Hi! I have a question (stupid or not). What is the difference between the value NULL and 0 for any param? I ask you that because i have found (i don't remember where) that there is no difference (i used NULL and 0 as a value of param, and didn't see any changes), but in the Iczelion's tut no.13 (Memory mapped files) i see that he uses NULL and 0 in CreateFile (and CreateFileMapping) function. I also change this 0 to NULL in example and did't see any change (only try with CreateFile). Can somebody explain please. Thank you Greetz
Posted on 2001-02-15 12:53:00 by stanks
well the constant NULL == 0 but NULL as a value != 0 NULL as a value is nothing, empty whereas 0 stil is a number: 0 NULL probably wrote/read easier for Iczelion in that example.
Posted on 2001-02-15 12:55:00 by Hiroshimator
If you search through windows.inc, you will discover: NULL equ 0 So why alias zero? Readability. If you call an procedure with:

    invoke SetCount, 0
it's obvious you want to reset a number. If you call another procedure with

    invoke SetPointer, NULL
you are also setting the pointer value to zero, but reading this line lets someone know you set it to an undefined value. In both these cases, the same code is generated:

6A 00	        *	    push   +000000000h
E8 00000000 E   *	    call   {some procedure}
Where it DOES matter is setting a register or memory location. It is a bit faster to xor either with itself to zero it out.

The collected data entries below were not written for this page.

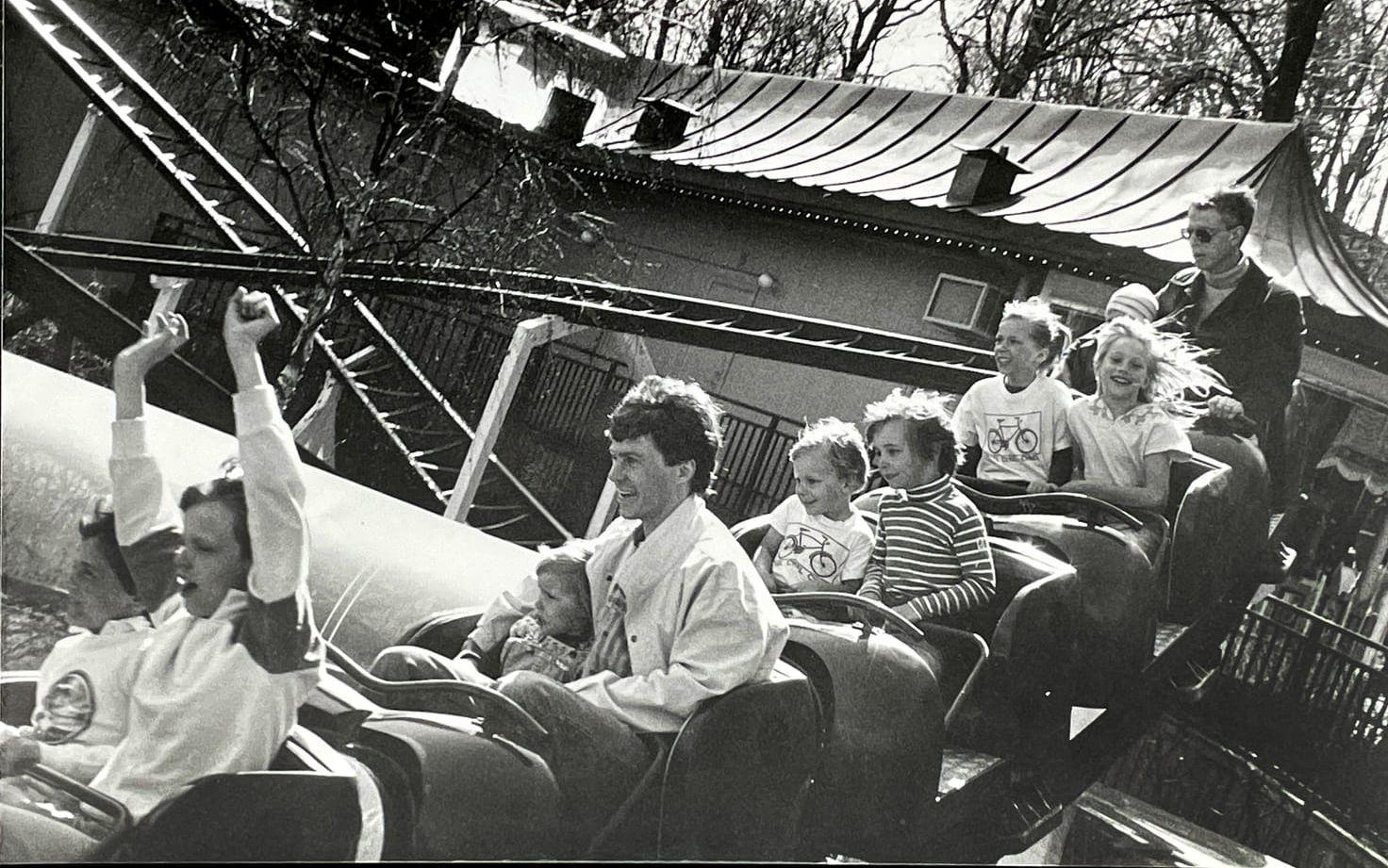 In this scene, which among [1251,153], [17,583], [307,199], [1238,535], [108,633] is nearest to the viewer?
[108,633]

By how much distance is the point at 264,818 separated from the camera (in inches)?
78.2

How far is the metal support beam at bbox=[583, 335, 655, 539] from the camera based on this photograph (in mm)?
2703

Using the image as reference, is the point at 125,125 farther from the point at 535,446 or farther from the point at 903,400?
the point at 903,400

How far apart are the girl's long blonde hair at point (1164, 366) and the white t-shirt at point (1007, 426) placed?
174mm

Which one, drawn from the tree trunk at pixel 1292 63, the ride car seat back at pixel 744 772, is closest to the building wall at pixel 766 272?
the ride car seat back at pixel 744 772

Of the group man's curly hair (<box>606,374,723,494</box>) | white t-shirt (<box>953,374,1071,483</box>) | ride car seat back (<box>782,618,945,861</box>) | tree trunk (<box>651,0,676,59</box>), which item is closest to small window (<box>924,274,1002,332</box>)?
white t-shirt (<box>953,374,1071,483</box>)

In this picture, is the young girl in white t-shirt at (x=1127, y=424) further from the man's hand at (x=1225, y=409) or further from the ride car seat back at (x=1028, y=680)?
the ride car seat back at (x=1028, y=680)

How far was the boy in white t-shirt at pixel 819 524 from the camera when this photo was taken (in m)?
2.81

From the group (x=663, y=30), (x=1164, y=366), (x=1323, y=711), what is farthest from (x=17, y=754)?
(x=1323, y=711)

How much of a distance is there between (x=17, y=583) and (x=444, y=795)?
776 millimetres

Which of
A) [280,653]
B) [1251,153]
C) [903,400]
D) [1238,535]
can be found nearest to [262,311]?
[280,653]

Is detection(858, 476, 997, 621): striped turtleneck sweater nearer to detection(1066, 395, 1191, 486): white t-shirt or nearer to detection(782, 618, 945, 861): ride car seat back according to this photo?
detection(782, 618, 945, 861): ride car seat back

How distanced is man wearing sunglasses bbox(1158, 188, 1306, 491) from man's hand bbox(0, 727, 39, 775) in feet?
8.77

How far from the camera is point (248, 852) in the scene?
1.98m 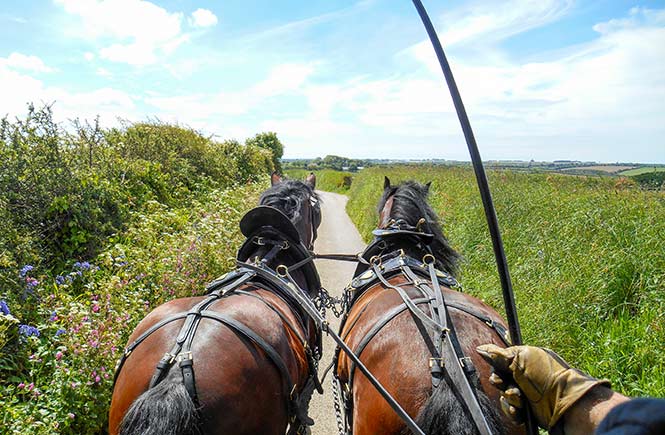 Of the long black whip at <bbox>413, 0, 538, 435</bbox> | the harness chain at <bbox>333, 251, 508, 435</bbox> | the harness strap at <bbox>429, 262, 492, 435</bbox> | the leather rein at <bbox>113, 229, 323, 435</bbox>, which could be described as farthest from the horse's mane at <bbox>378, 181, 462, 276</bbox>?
the long black whip at <bbox>413, 0, 538, 435</bbox>

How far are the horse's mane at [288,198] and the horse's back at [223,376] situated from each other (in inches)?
52.0

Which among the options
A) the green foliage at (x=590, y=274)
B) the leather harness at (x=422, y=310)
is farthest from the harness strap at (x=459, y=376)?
the green foliage at (x=590, y=274)

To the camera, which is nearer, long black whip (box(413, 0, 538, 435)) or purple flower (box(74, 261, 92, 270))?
long black whip (box(413, 0, 538, 435))

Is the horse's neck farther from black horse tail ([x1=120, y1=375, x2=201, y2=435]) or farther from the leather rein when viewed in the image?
black horse tail ([x1=120, y1=375, x2=201, y2=435])

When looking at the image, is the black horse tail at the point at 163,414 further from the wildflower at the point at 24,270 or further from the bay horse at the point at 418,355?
the wildflower at the point at 24,270

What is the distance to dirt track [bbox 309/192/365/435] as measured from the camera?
12.4 feet

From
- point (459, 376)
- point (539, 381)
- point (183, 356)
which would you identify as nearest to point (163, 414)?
point (183, 356)

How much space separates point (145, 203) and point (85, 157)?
1078 millimetres

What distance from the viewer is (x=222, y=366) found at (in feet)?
5.57

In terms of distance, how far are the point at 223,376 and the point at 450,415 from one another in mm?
997

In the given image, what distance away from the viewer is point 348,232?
11992 mm

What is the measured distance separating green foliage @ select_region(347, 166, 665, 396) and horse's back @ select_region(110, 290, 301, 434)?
8.66 feet

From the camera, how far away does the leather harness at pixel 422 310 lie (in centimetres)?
158

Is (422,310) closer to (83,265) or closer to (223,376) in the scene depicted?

B8 00000000		    mov eax, NULL
33 C0	  	            xor eax,eax
Posted on 2001-02-15 13:15:00 by Ernie
stanks, As has been already said here, NULL is an equate to 0 but just be careful of what an API requires, somw will accept NULL as a parameter where some require the address of a NULL byte. Its easy enough to handle, just make a BYTE size data item in the .data section, MyNull db 0 and either use ADDR MyNull in an invoke call as the parameter or mov REG, offset MyNull if you chose to do the API call manually. Regards, hutch@pbq.com.au
Posted on 2001-02-15 18:27:00 by hutch--
In a very strict C++ environment, NULL is always an address. In Win32, this is always the address 0. With much less type checking in ASM, it makes no difference (in code) whether you use NULL or 0.